Robbie has a completely different approach essentially trading mean reversion with tiny, tiny size and a portfolio approach that often puts him on the opposite side of the market with similar pairs. He does not use stops and lets the offsetting trades net out to a positive return. He also does something very clever. He always makes sure that he is on the positive side of the carry. He told us a story of a short EURTRY trade that took 2 YEARS to resolve. During that time he lost 2,000 pips on the position as the lira disintegrated, but at the same time collected 3,000 pips in swap making the net position profitable in the end.

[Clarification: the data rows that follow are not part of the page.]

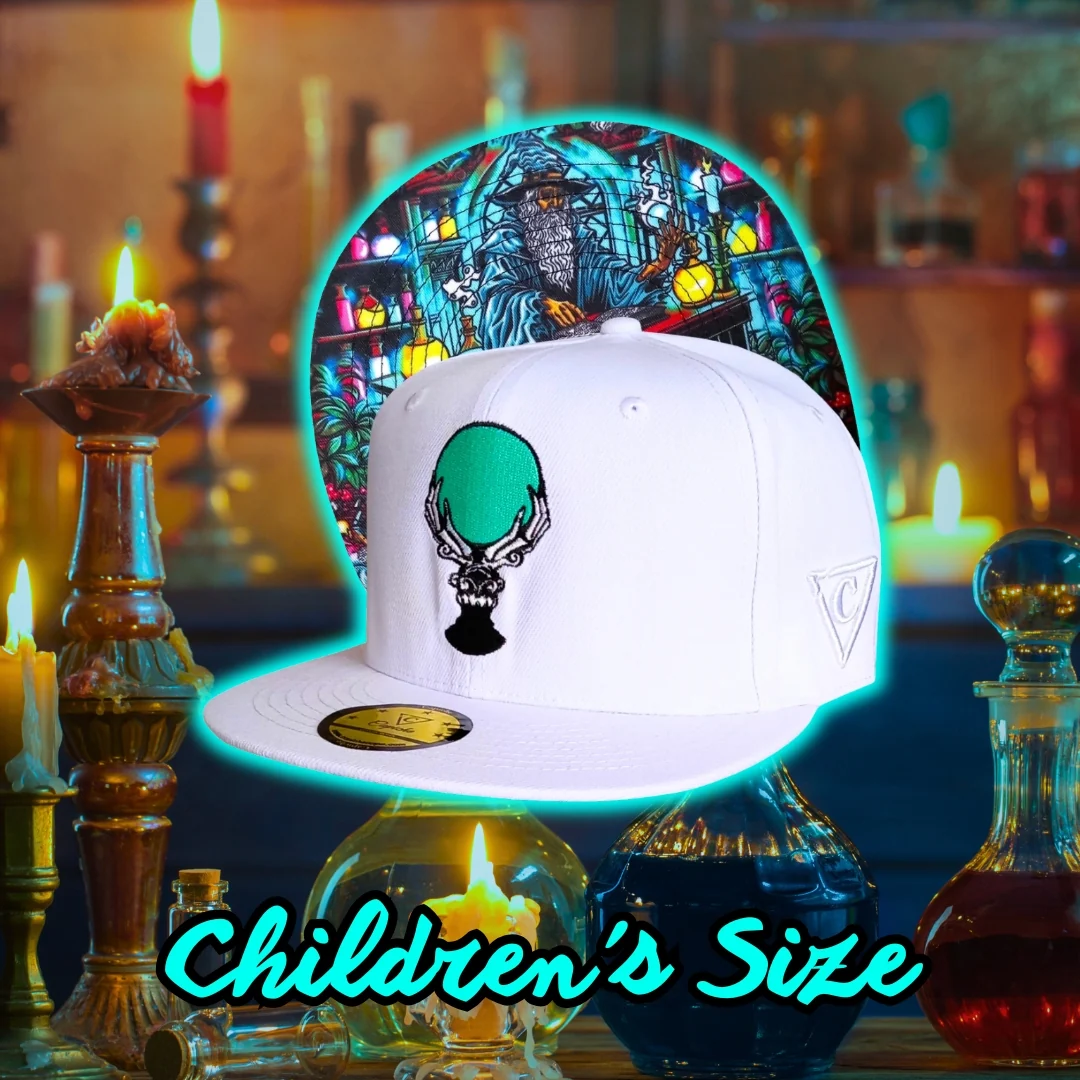 Lost Wizard Snapback Child Size - White - Image 11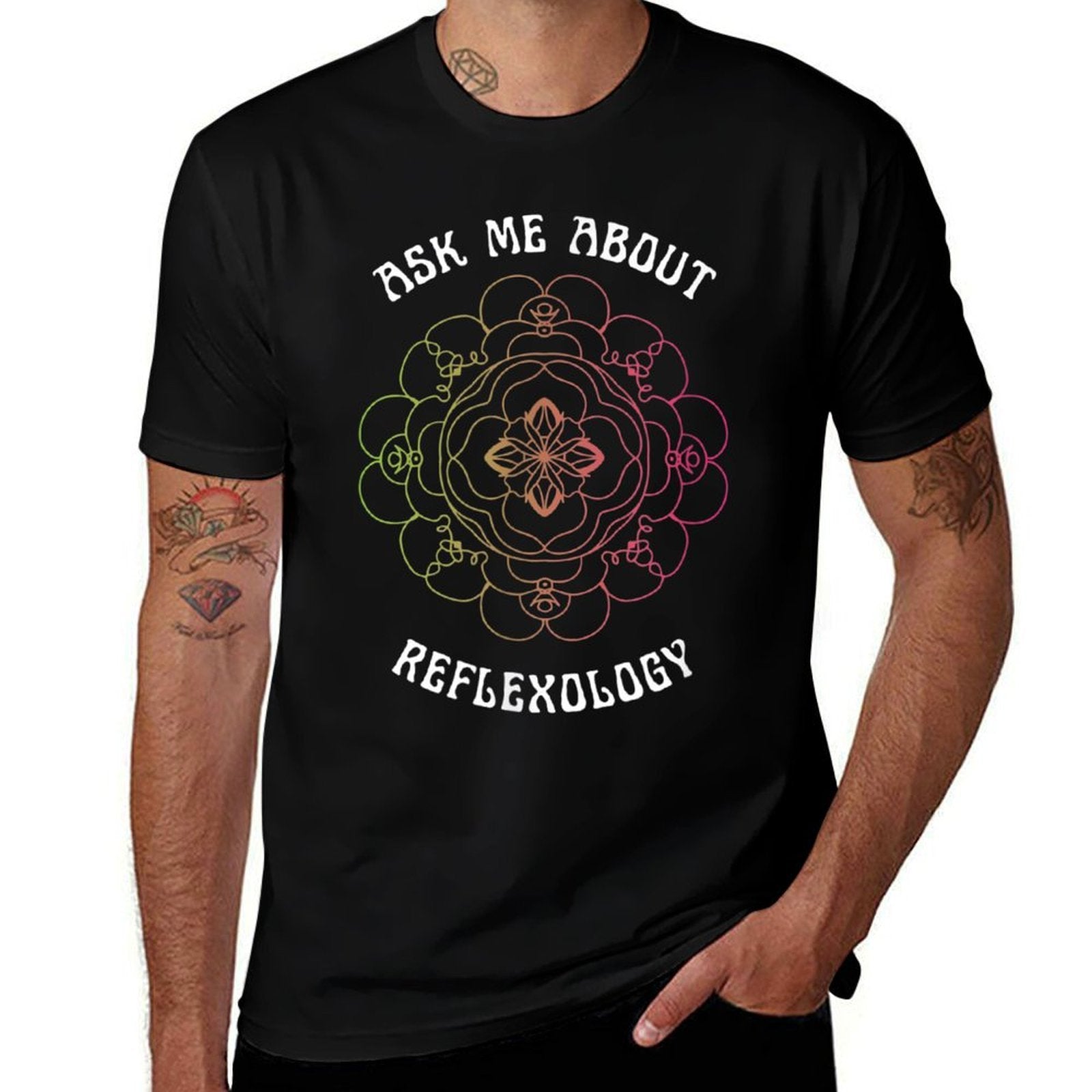 Reflexology New Age Wellness Healing Mandala  Odor-resistant T-Shirt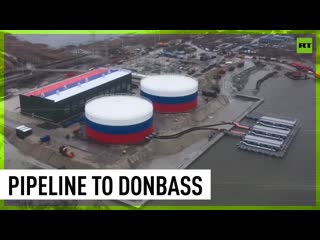 First pumping station for water pipeline to donbass launches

Unlike Asharf and Rob, I am much more of a classic algo-driven trader with exact entry and exit rules. And since I have the attention span of an ADD-addled 5-year-old, I generally never hold my trades more than 24-48 hours so my algos operate on a much shorter time frame. Yet, I too often find myself on both sides of the market. At least once or twice a week, one of my algos will open a long in some pair and when the price action goes against me will open a short in the same pair in a different account. This freaks BK members out as they can’t understand why I do that – but the fact of the matter is that algos have picked up the signal that market conditions may have changed and while my “wrong” trade will most likely be stopped out – my offset trade will take some of the string out of the loss by banking pips the other way. This by the way not only works on a granular level but on the portfolio level as well as sometimes Kathy’s strategies will take the opposite side of mine and will mitigate losses as well. It is, I think, the primary reason why the retooled BK service has been so successful lately making 1300 pips in past four weeks as contravening positions keep drawdown to a minimum and overall return positive.
They say that a true sign of intelligence is to be able to hold two contradictory concepts at the same time. There is no doubt that that principle holds true in trading as well where mental flexibility and psychological humility are the two key factors in long term success.